So what does this mean? Well first off, Josh has had no symptoms of this new growth. He hasn't had a seizure in almost two years (knock on wood) and in the past two months has only had one or two headaches. Nothing crazy. No tall tail signs, so these results were a huge slap in the face. Dr. T offered us three options.
- Do temozolomide. This was the chemotherapy he did for a year last year. It worked really well but Dr. T would want to up his dose.
- Do another form of chemotherapy (I don't remember the name and googling it brings me to all types of prescription names). This one would be in a high dose, probably terrible side effects and it also comes with a very strict diet. Super strict. Like annoyingly strict.
- Drug trial at John Hopkins. Suprise! My husband has a very rare brain cancer. Like rare of the rare, so he never qualifies for a drug trial and actually this trial isn't for the particular cancer it's more for the mutation in said cancer. We don't know if he fully qualified or even what stage the drug trial is in but Dr. T seems hopeful.

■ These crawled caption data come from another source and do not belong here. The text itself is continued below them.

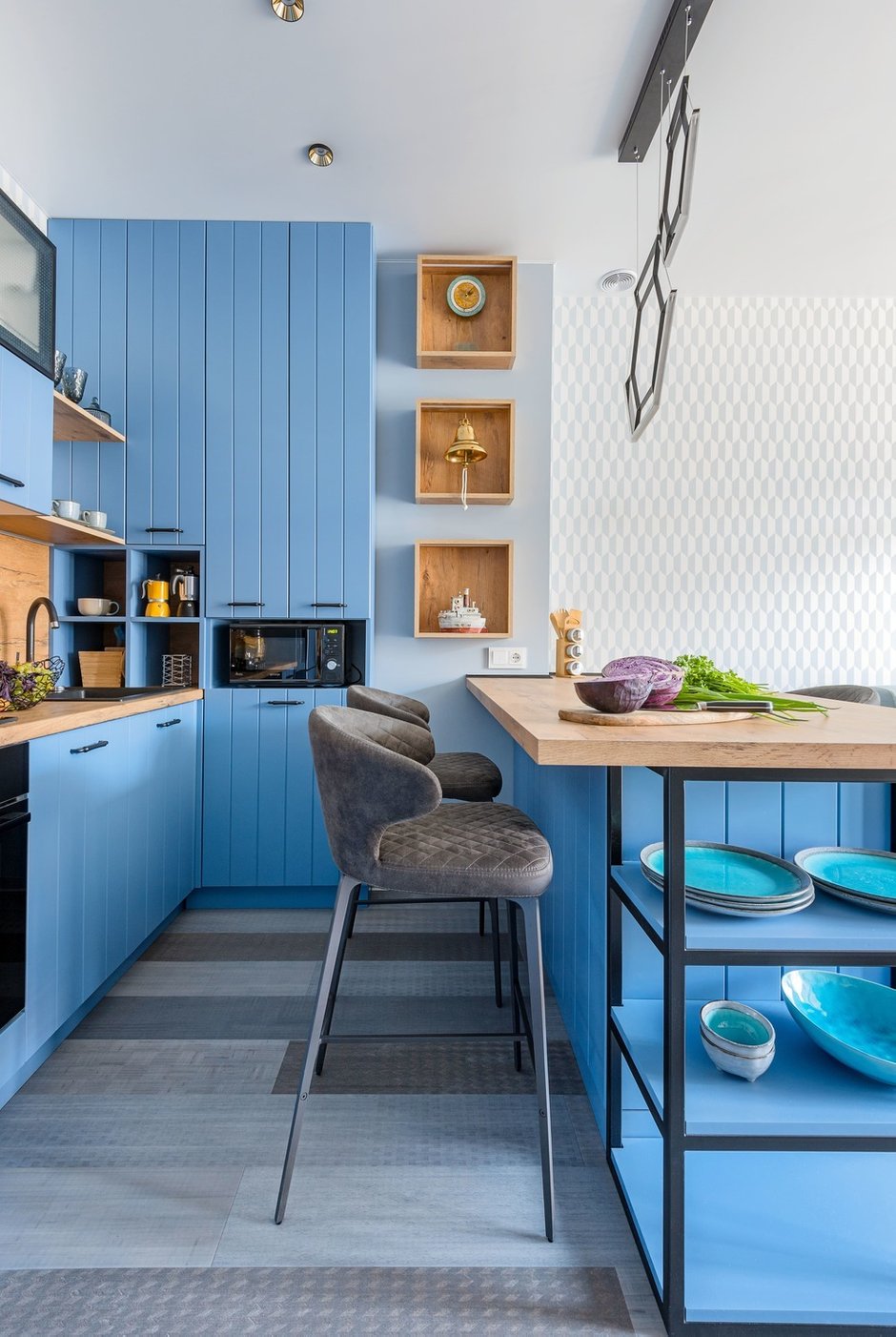 Фотография: Кухня и столовая в стиле Современный, Эко, Квартира, Проект недели, 2 комнаты, 40-60 метров, Светлогорск, Виктория Лазарева – фото на INMYROOM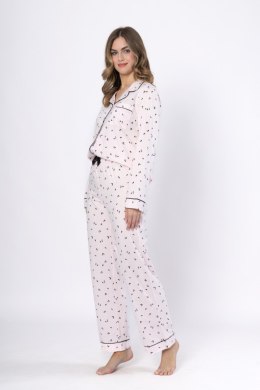 PIŻAMA DAMSKA ALKA 1618 - RÓŻOWY, 2XL LEVEZA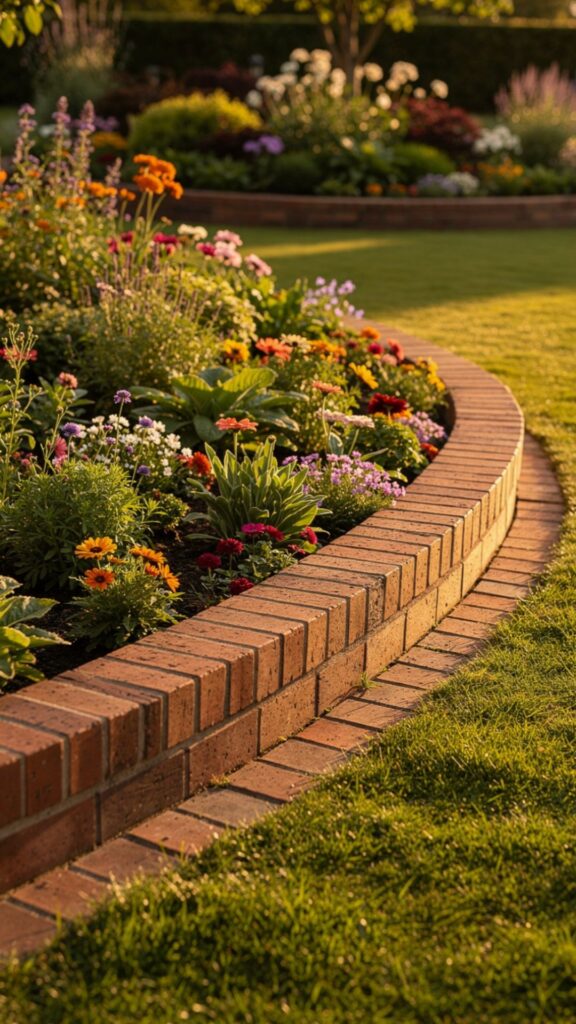 Use Classic Brick Edging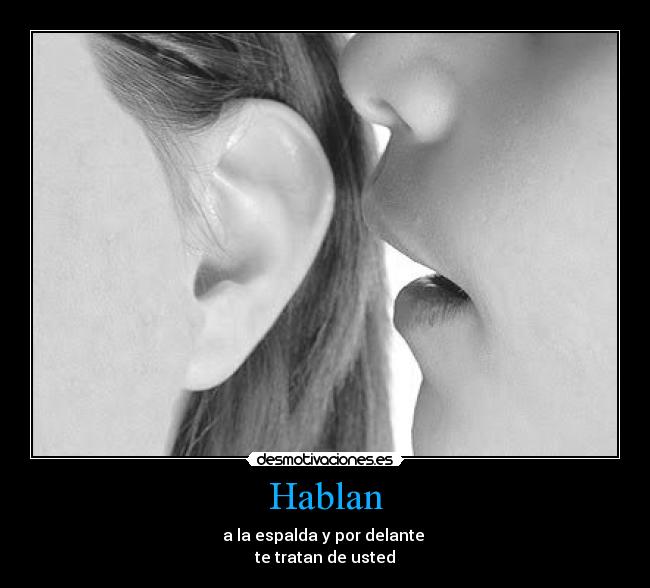 Hablan -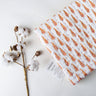 Baby AC Quilt Green Leaf Block Printed Soft Cotton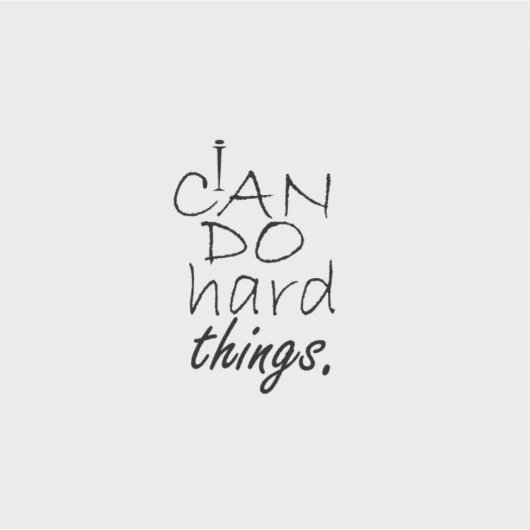 Gib nicht auf, ich kann hartes tun, was transparen aufkleber (Vorderseite)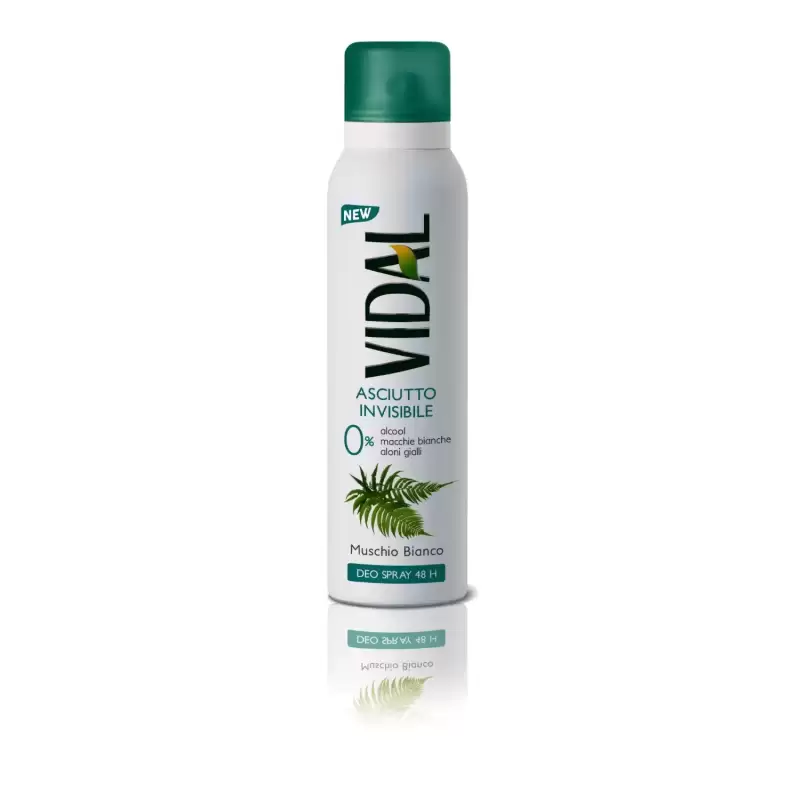 Vidal Deodorant Spray Cu Musc Alb 150 ml Bax 6 buc.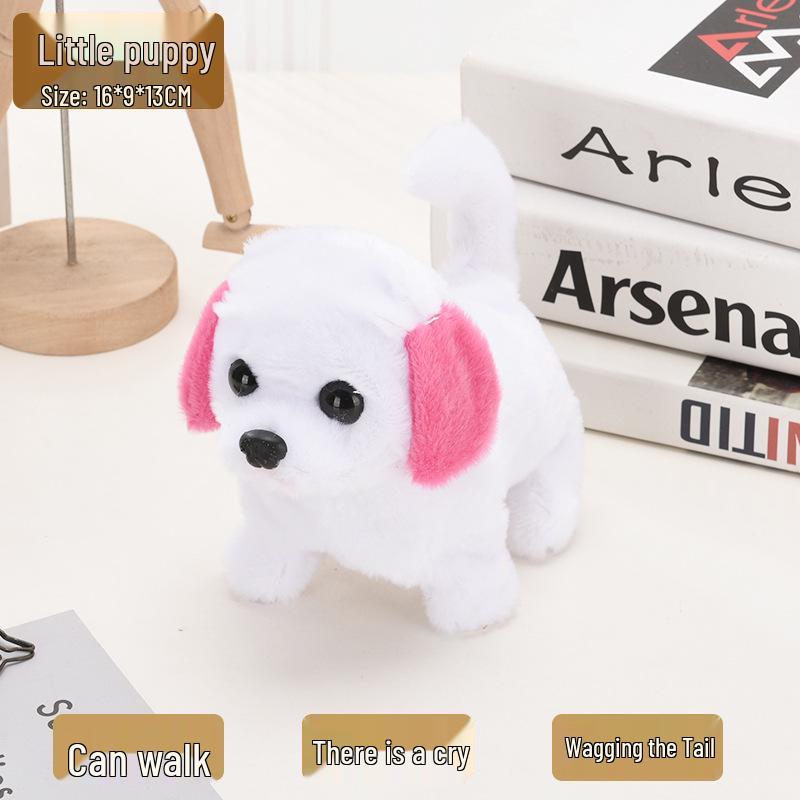 Plush Electric Walking & Barking Teddy Dog Simulation Toy for Children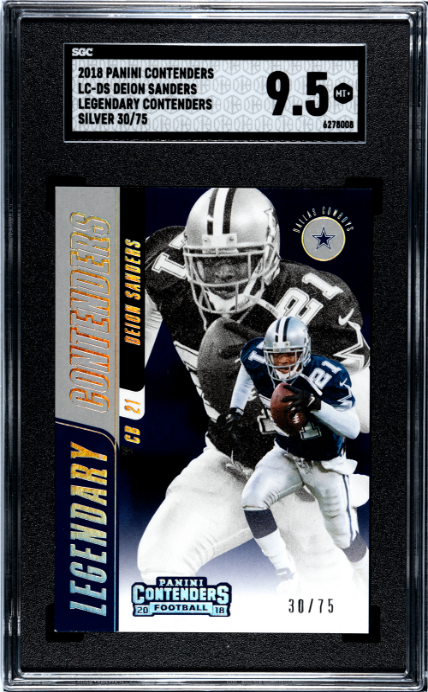 Deion Sanders 2018 Panini Contenders #LC-DS Legendary Contenders Silver SGC 9.5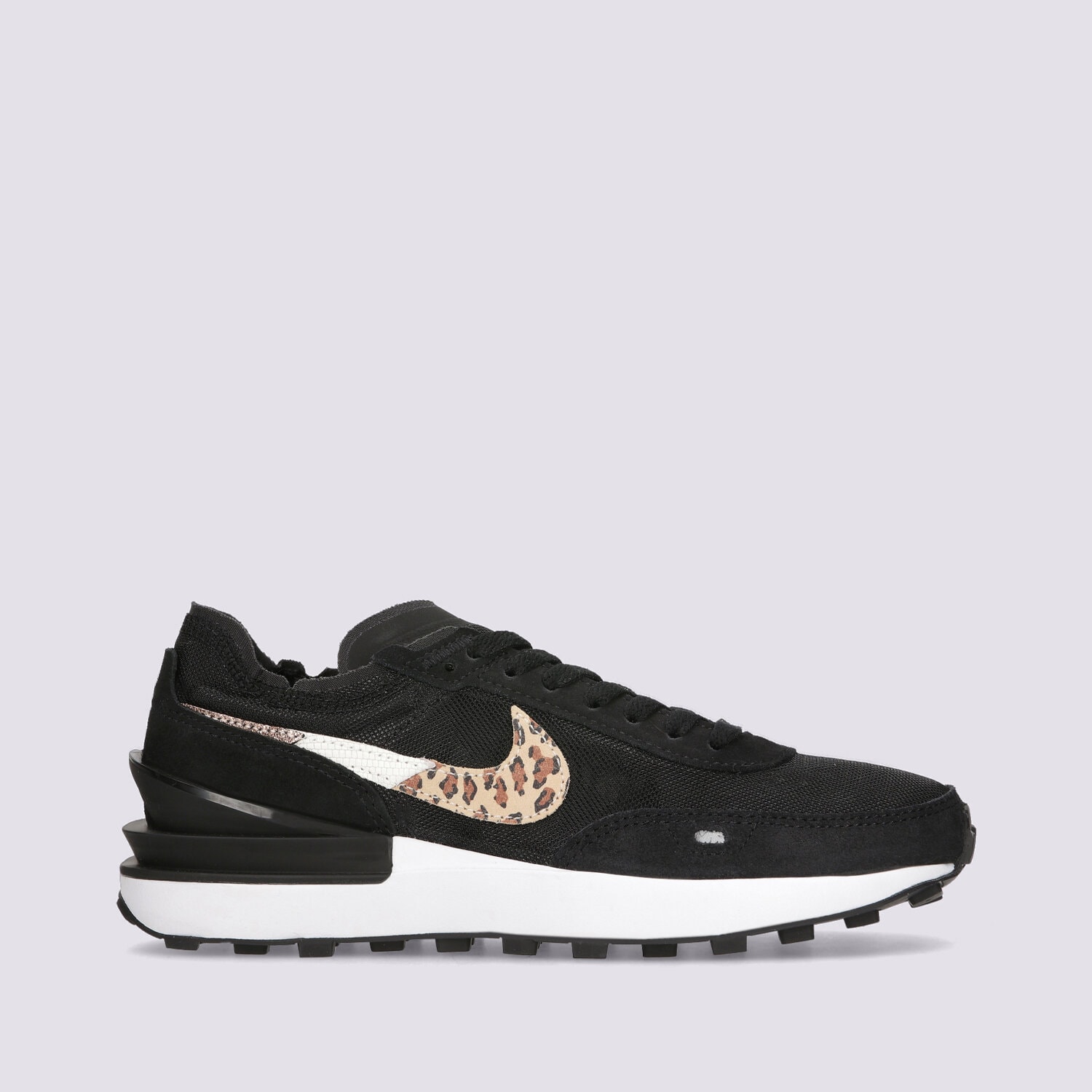 Buty sneakersy damskie NIKE WAFFLE ONE SE DJ9776-001 CZARNY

I am a firm believer that there is a reason for everything. Right now, I haven't figured out what that reason is. I have no idea why life keeps serving us shit sandwiches and it's something I may never know. But what I do know is that I am thankful we caught it quick (we were actually going to blow off this MRI and just get it done once we were down in Florida) and I am thankful that there are options. Right now, Josh and I are still processing everything. Regardless of what treatment we choose, we will be staying up here way longer than what we intended. Does it suck ? Terribly. But we, like always, try to make the best of the situation. That's all we can do.
However, we do ask all of you to continue to pray for Josh and our family. My husband is a fighter and he's stubborn as hell so I know he won't go down without a fight. This a speed bump in the road and just like last time, I know he will kick ass.